═══ Data for this exercise

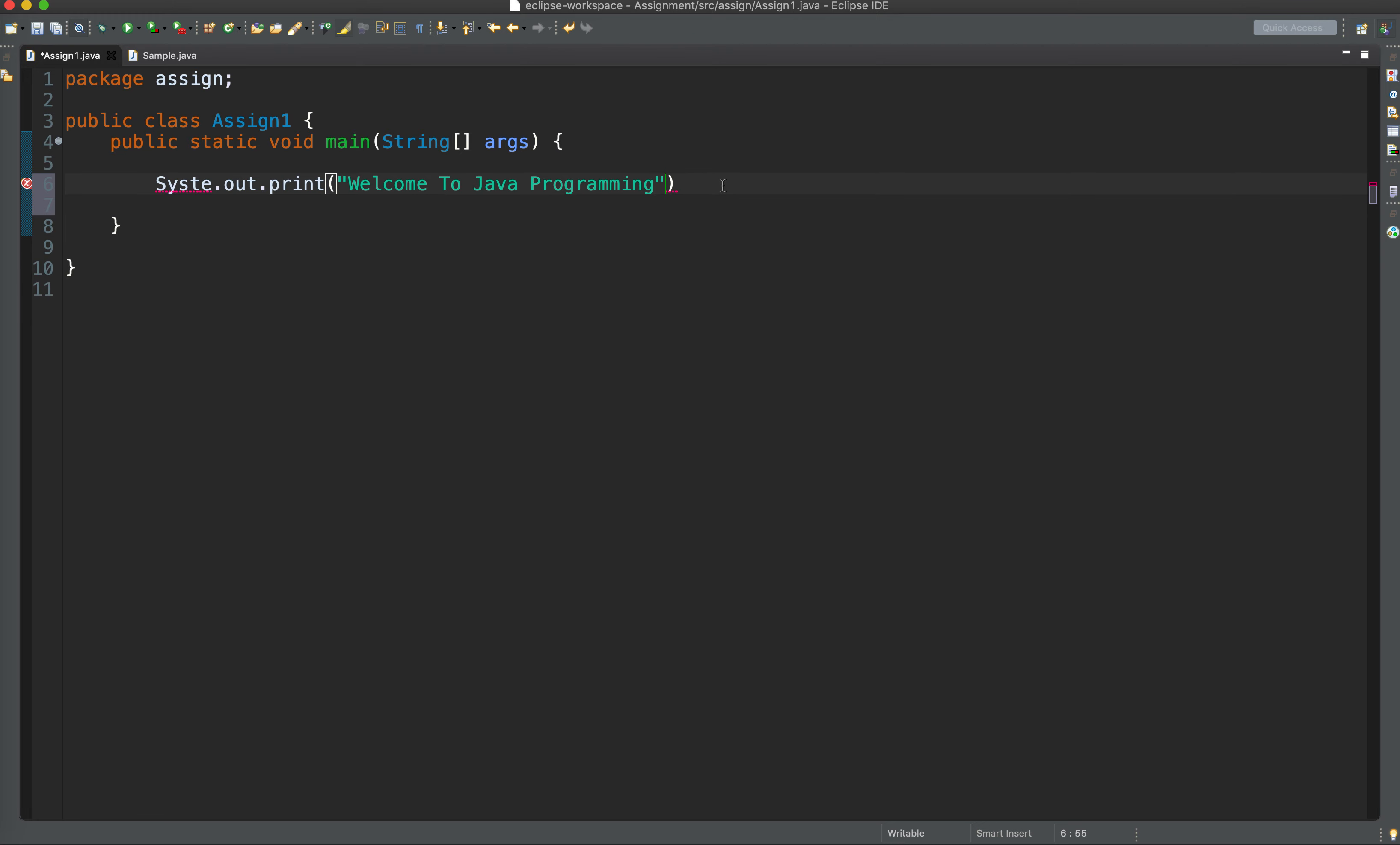As simple as that. System.out.print, and this statement must be ended with a semicolon.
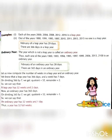Let us now compute the number of weeks in a leap year and an ordinary year. A leap year has 366 days and a week has 7 days. When we divide 366 by 7, we get 52 as a quotient and 2 as a remainder. So, a leap year has 52 weeks and 2 days. An ordinary year has 365 days. If we divide 365 by 7, we get 52 as a quotient and 1 as a remainder. So, an ordinary year has 52 weeks and 1 day. Thus, a year has 52 full weeks.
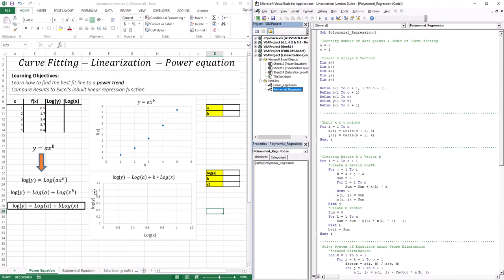We're going to take those trends — the power trend, the exponential trend, or the saturation growth trend — and linearize them. We're going to take these curved functions and make them into a straight trend. We then apply linear regression to that straight trend, just like we did in the first lesson.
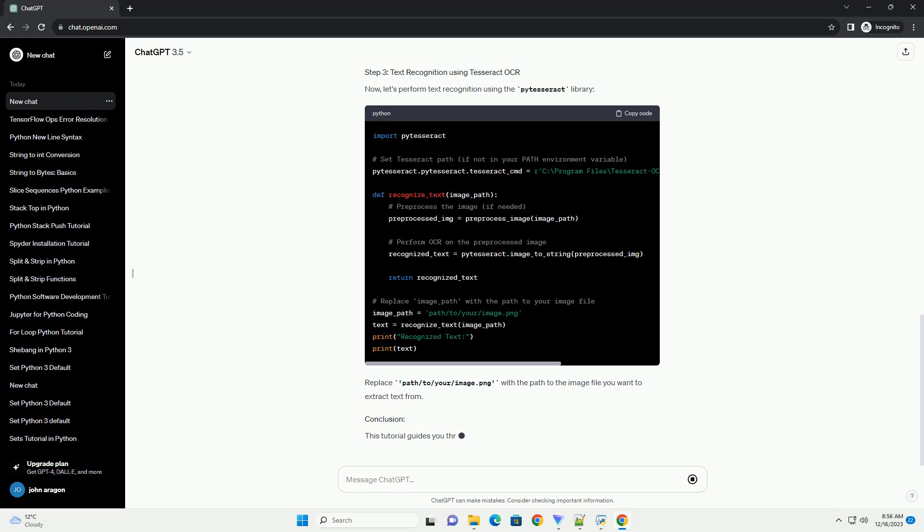Here's an example. Now, let's perform text recognition using the p-tesseract library. Replace path/to/your/image.png with the path to the image file you want to extract text from.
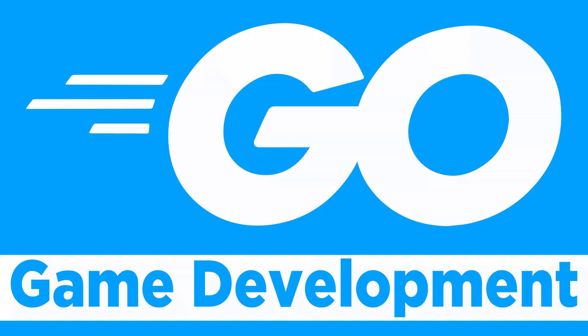Hello ladies and gentlemen, it's Mike here at Game from Scratch, and today we are talking about Go, the programming language developed by Google, and we're going to talk about it specifically for the ecosystem around it for developing games.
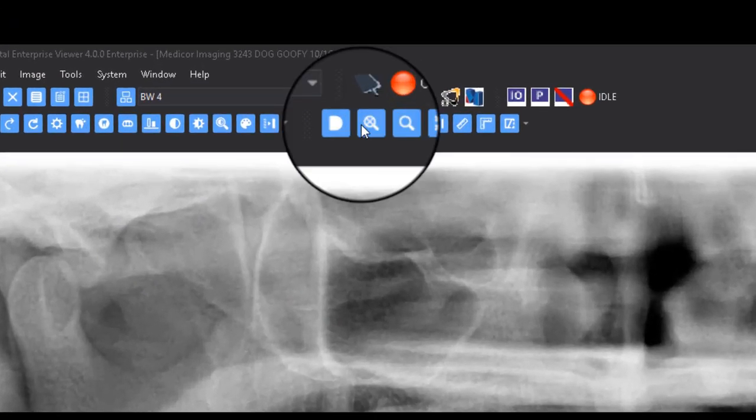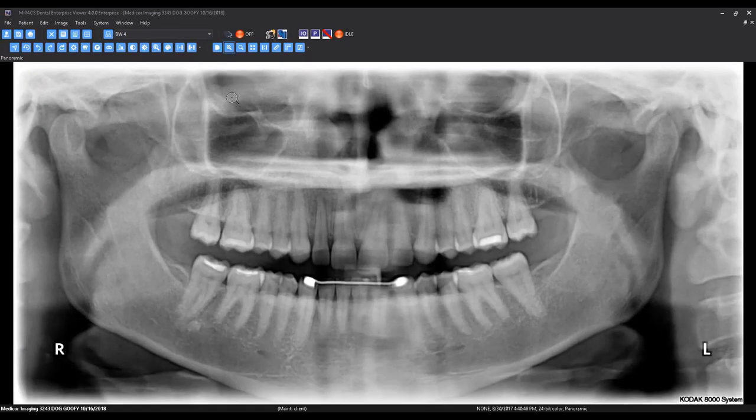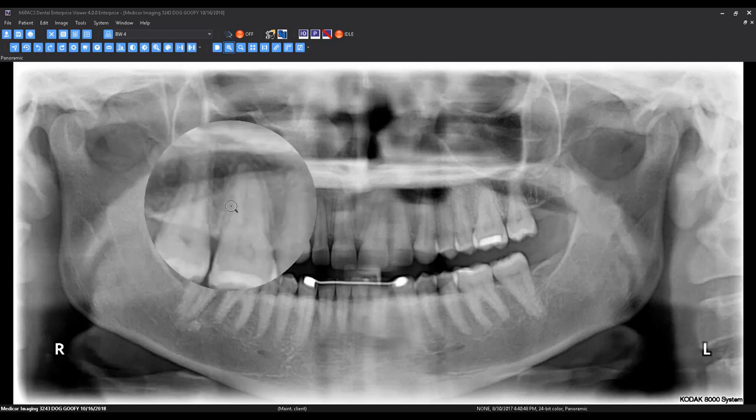With the magnifier button activated, left-click and drag across an image to magnify the selection.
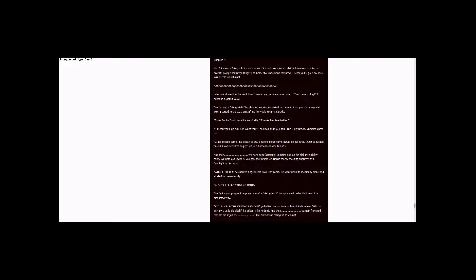I started to cry cause I was afraid he would commit suicide. It's okay, N.O.B., said Vampire comfortingly. I'll make him feel better. You mean you'll go fuck him, won't you? I shouted angrily. Then I ran to get Draco.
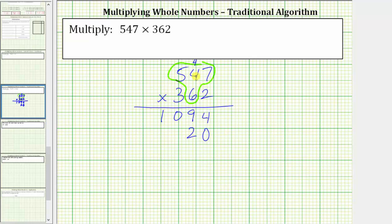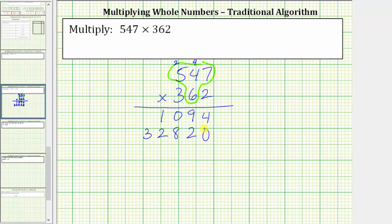Next, we have six times four, which is 24, plus four is 28. We record an eight in the hundreds place value and perform an exchange with the two. Then we have six times five, which is 30, plus two equals 32. For the 32, we record the two in the thousands and the three in the ten thousands. This row indicates 547 times 60 is 32,820.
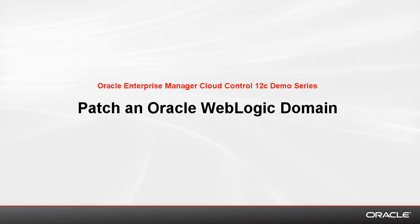Welcome to the Oracle Enterprise Manager Cloud Control 12C demo series. In this demonstration, I will show you how to apply multiple patches across all servers within an Oracle WebLogic domain.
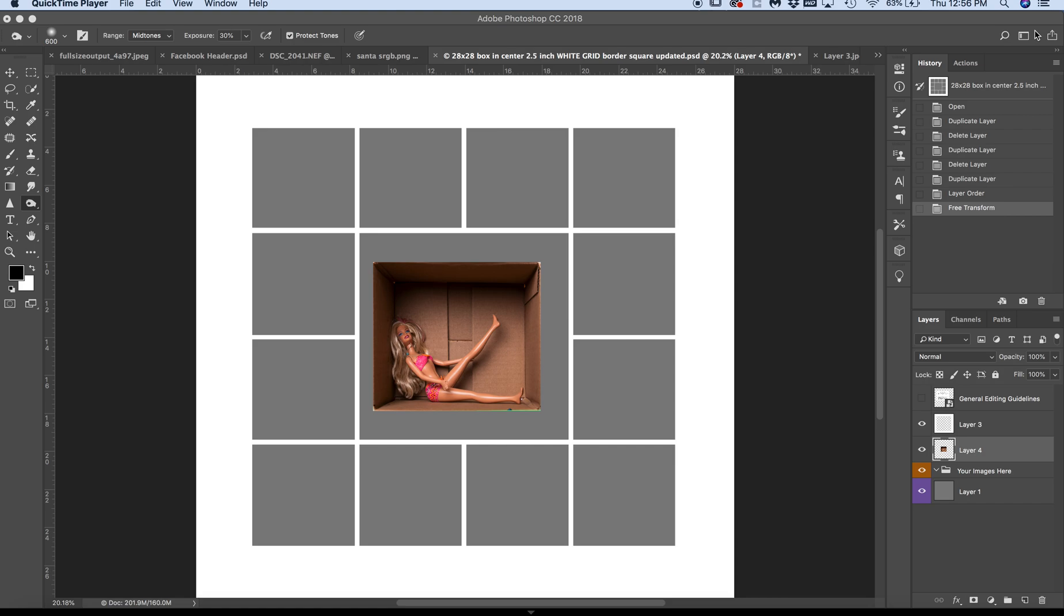But people are asking how to use a template. Now you don't have to use a template, but if you want some more refined edges, here's how you can use a white grid template and convert it.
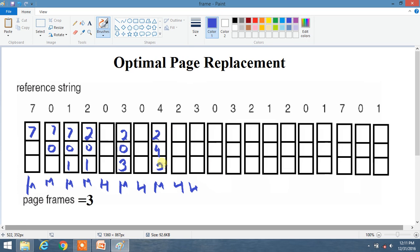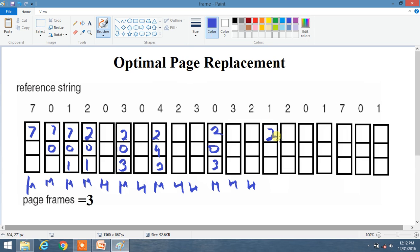Now we have 0, and 0 is not present. Looking ahead: 3 is just going to be used, then 2, and 4 is not present at all in the future sequence. So 4 is replaced by 0, and frames become 2, 0, 3. Now 3 and 2 are already present, so these are hits. Now we have 1, and 1 is not present. Looking ahead: 2 appears first, then 0, and 3 is not found again. So 3 is replaced by 1, giving frames 2, 0, 1. This is a miss.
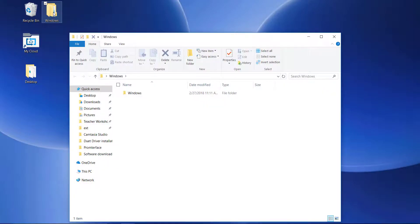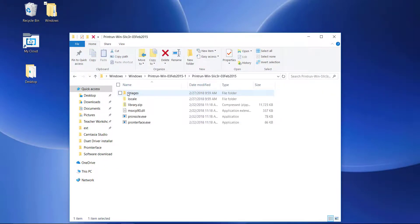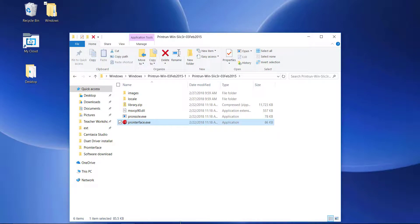First, open the folder that you downloaded from the portal. Open the print run folder and then open PronerFace.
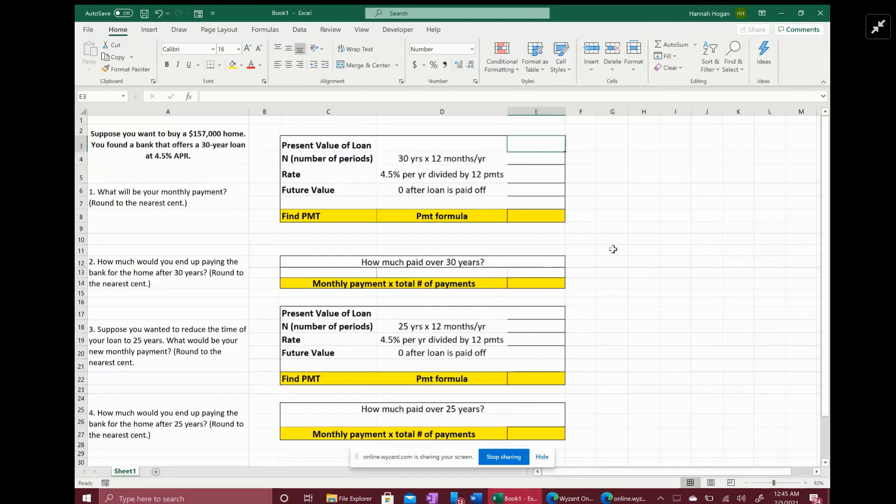So I brought everything in Excel to make things a little easier. It says suppose you want to buy a $157,000 home. You find a bank that offers a 30-year loan at 4.5% APR, so APR is annual percent rate.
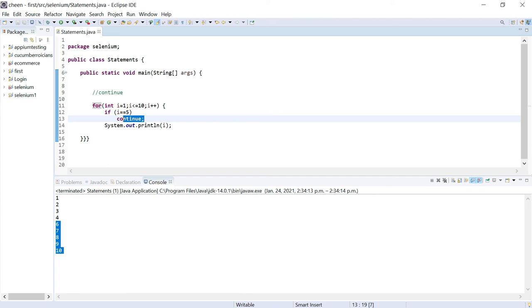So guys, we will be understanding return statement in our coming videos because return statement you can understand with the example of method creation. So first we will understand how to create methods and then we will accompany return statements in it. So in this video we understood how break and continue statements work and what is the difference between them. That's all for this video. Thanks for now.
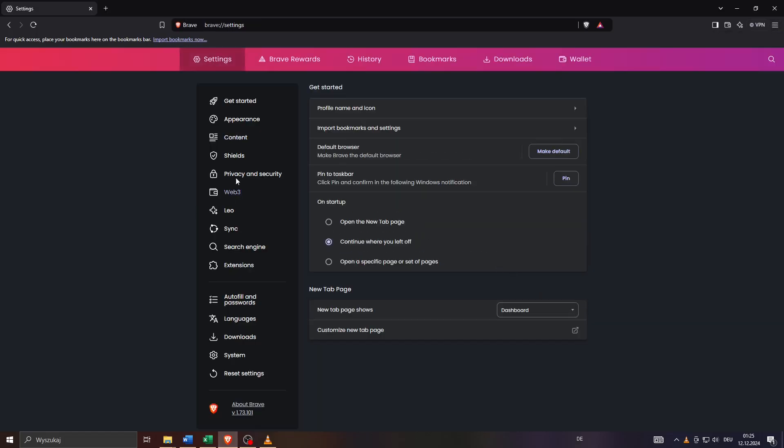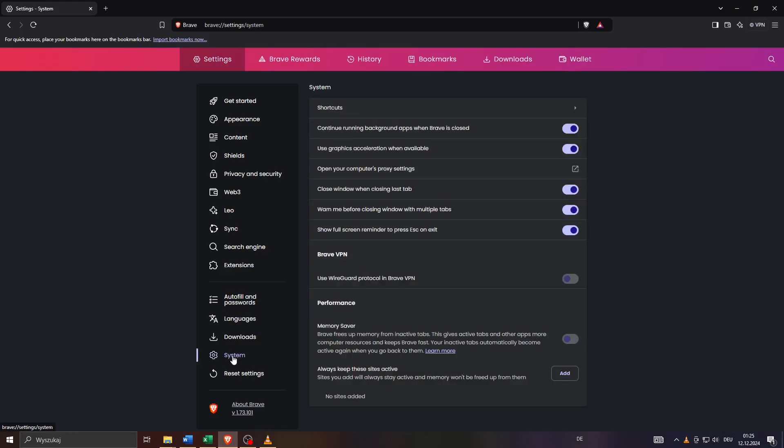And from the drop-down menu select Settings and here inside your browser settings look for a section called System and it's at the lower part usually. There you go. System.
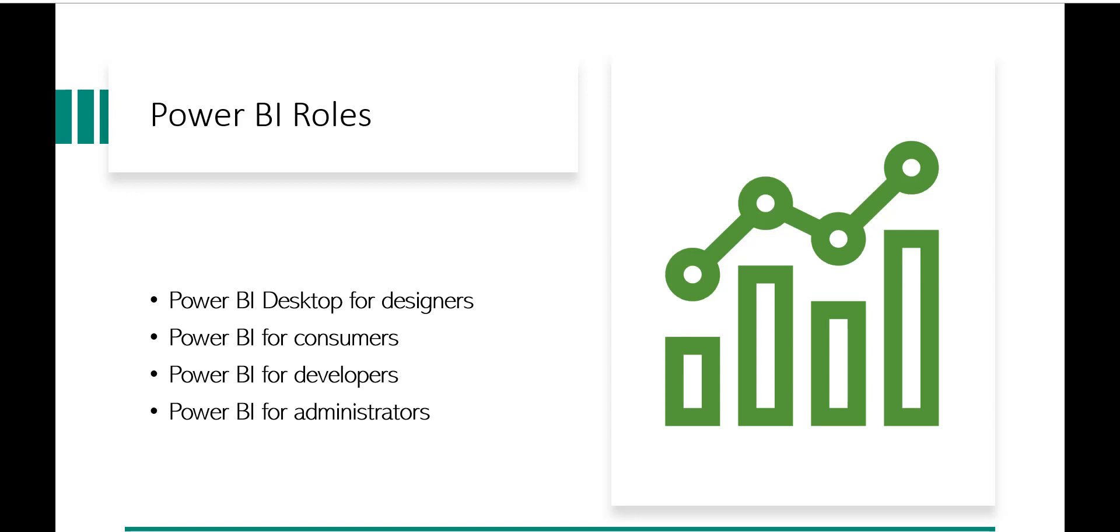Okay, so now we will discuss what are the various Power BI roles that you can have. For example, let's say five members are working in a team and maybe all of you are having different roles. That depends on how you are actually using Power BI differently.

══════

Work request
Could you give all the records again, exactly, minus the pictures?

Problem solution
As simple as that. System.out.print, and this statement must be ended with a semicolon.
Let us now compute the number of weeks in a leap year and an ordinary year. A leap year has 366 days and a week has 7 days. When we divide 366 by 7, we get 52 as a quotient and 2 as a remainder. So, a leap year has 52 weeks and 2 days. An ordinary year has 365 days. If we divide 365 by 7, we get 52 as a quotient and 1 as a remainder. So, an ordinary year has 52 weeks and 1 day. Thus, a year has 52 full weeks.
We're going to take those trends — the power trend, the exponential trend, or the saturation growth trend — and linearize them. We're going to take these curved functions and make them into a straight trend. We then apply linear regression to that straight trend, just like we did in the first lesson.
Here's an example. Now, let's perform text recognition using the p-tesseract library. Replace path/to/your/image.png with the path to the image file you want to extract text from.
Hello ladies and gentlemen, it's Mike here at Game from Scratch, and today we are talking about Go, the programming language developed by Google, and we're going to talk about it specifically for the ecosystem around it for developing games.
With the magnifier button activated, left-click and drag across an image to magnify the selection.
I started to cry cause I was afraid he would commit suicide. It's okay, N.O.B., said Vampire comfortingly. I'll make him feel better. You mean you'll go fuck him, won't you? I shouted angrily. Then I ran to get Draco.
Next, we have six times four, which is 24, plus four is 28. We record an eight in the hundreds place value and perform an exchange with the two. Then we have six times five, which is 30, plus two equals 32. For the 32, we record the two in the thousands and the three in the ten thousands. This row indicates 547 times 60 is 32,820.
Welcome to the Oracle Enterprise Manager Cloud Control 12C demo series. In this demonstration, I will show you how to apply multiple patches across all servers within an Oracle WebLogic domain.
But people are asking how to use a template. Now you don't have to use a template, but if you want some more refined edges, here's how you can use a white grid template and convert it.
Now we have 0, and 0 is not present. Looking ahead: 3 is just going to be used, then 2, and 4 is not present at all in the future sequence. So 4 is replaced by 0, and frames become 2, 0, 3. Now 3 and 2 are already present, so these are hits. Now we have 1, and 1 is not present. Looking ahead: 2 appears first, then 0, and 3 is not found again. So 3 is replaced by 1, giving frames 2, 0, 1. This is a miss.
First, open the folder that you downloaded from the portal. Open the print run folder and then open PronerFace.
So I brought everything in Excel to make things a little easier. It says suppose you want to buy a $157,000 home. You find a bank that offers a 30-year loan at 4.5% APR, so APR is annual percent rate.
So guys, we will be understanding return statement in our coming videos because return statement you can understand with the example of method creation. So first we will understand how to create methods and then we will accompany return statements in it. So in this video we understood how break and continue statements work and what is the difference between them. That's all for this video. Thanks for now.
And from the drop-down menu select Settings and here inside your browser settings look for a section called System and it's at the lower part usually. There you go. System.
Okay, so now we will discuss what are the various Power BI roles that you can have. For example, let's say five members are working in a team and maybe all of you are having different roles. That depends on how you are actually using Power BI differently.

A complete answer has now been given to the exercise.